(TASK PROMPT):
Though the entries contain pictures, the copy you make should hold only the rest, exactly as written.

———

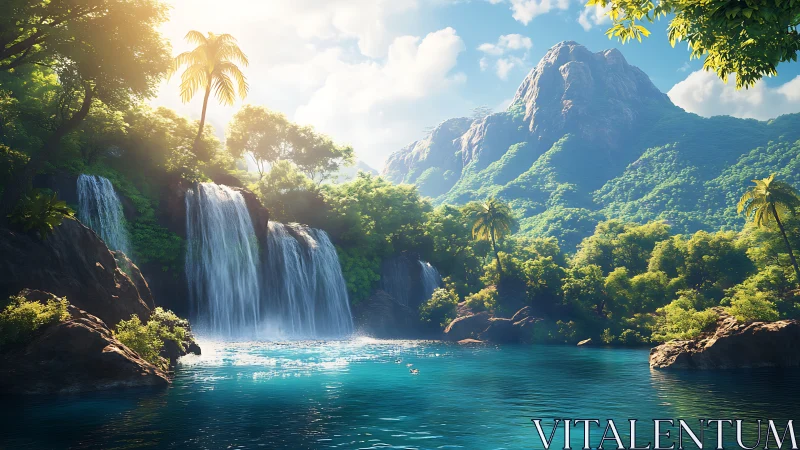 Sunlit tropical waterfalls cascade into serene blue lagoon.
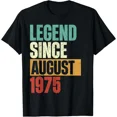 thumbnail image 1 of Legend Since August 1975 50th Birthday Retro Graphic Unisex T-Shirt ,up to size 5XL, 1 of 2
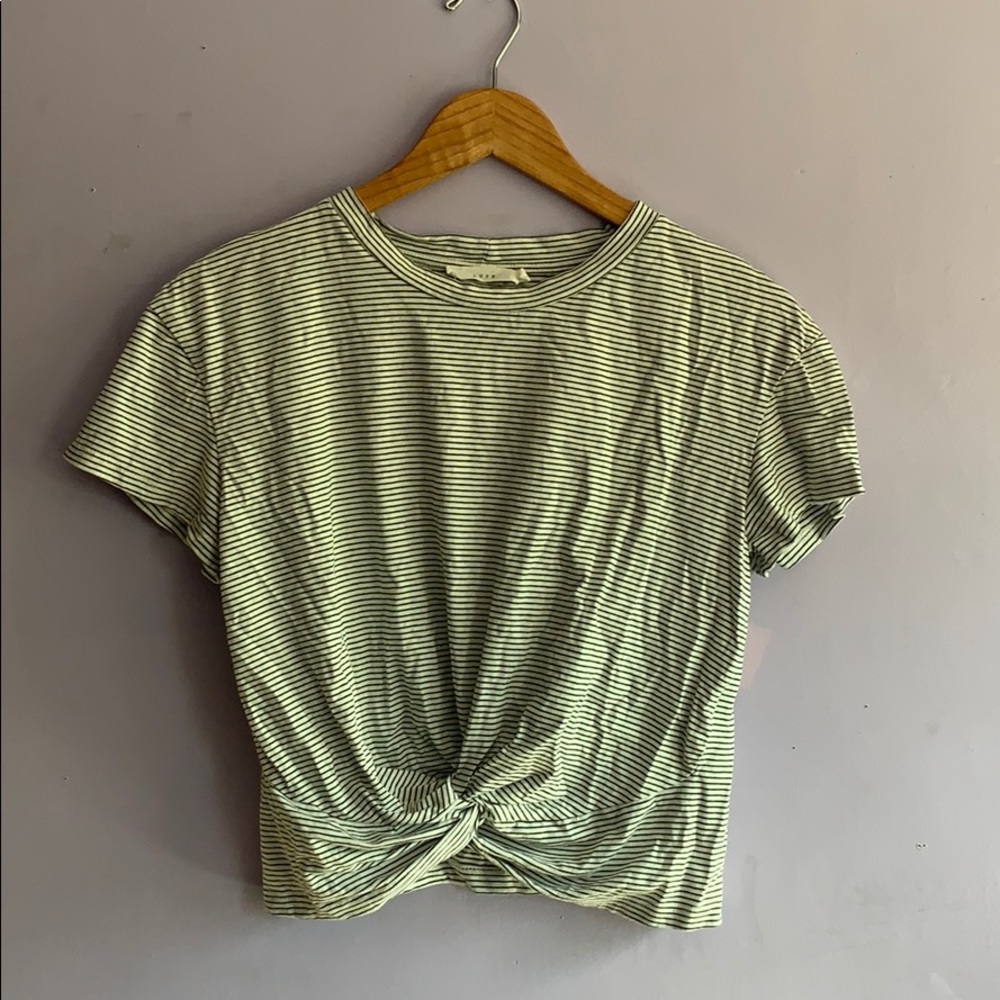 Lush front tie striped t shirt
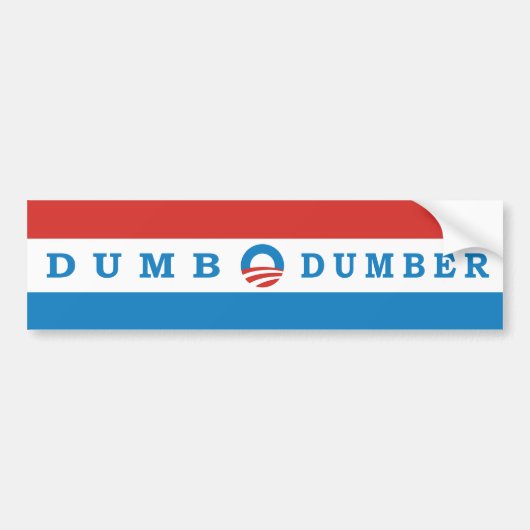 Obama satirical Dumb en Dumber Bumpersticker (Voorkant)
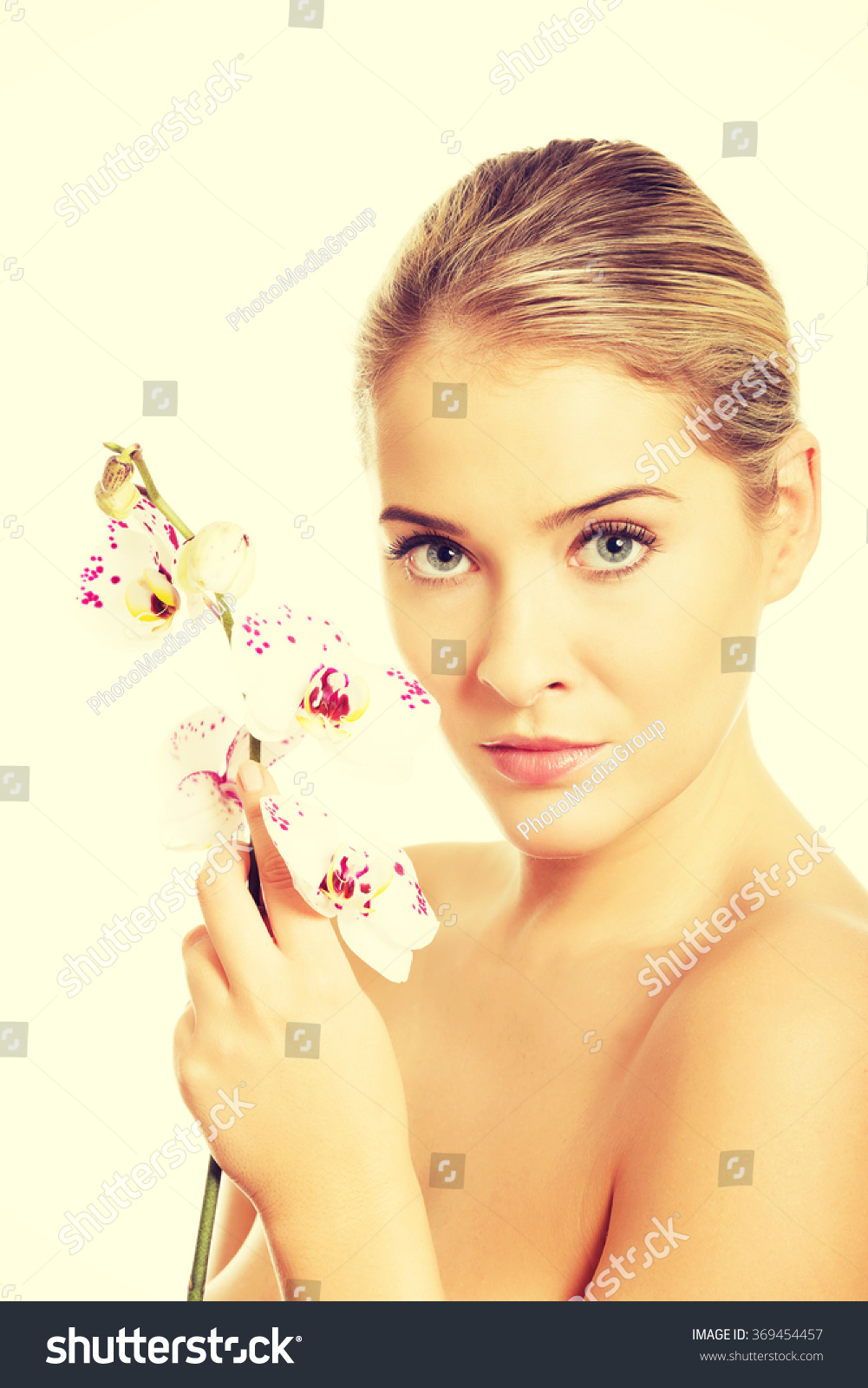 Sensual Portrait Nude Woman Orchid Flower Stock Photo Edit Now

———

(REPLY):
 Sunlit tropical waterfalls cascade into serene blue lagoon.
 thumbnail image 1 of Legend Since August 1975 50th Birthday Retro Graphic Unisex T-Shirt ,up to size 5XL, 1 of 2
 Lush front tie striped t shirt
 Obama satirical Dumb en Dumber Bumpersticker (Voorkant)
 Sensual Portrait Nude Woman Orchid Flower Stock Photo Edit Now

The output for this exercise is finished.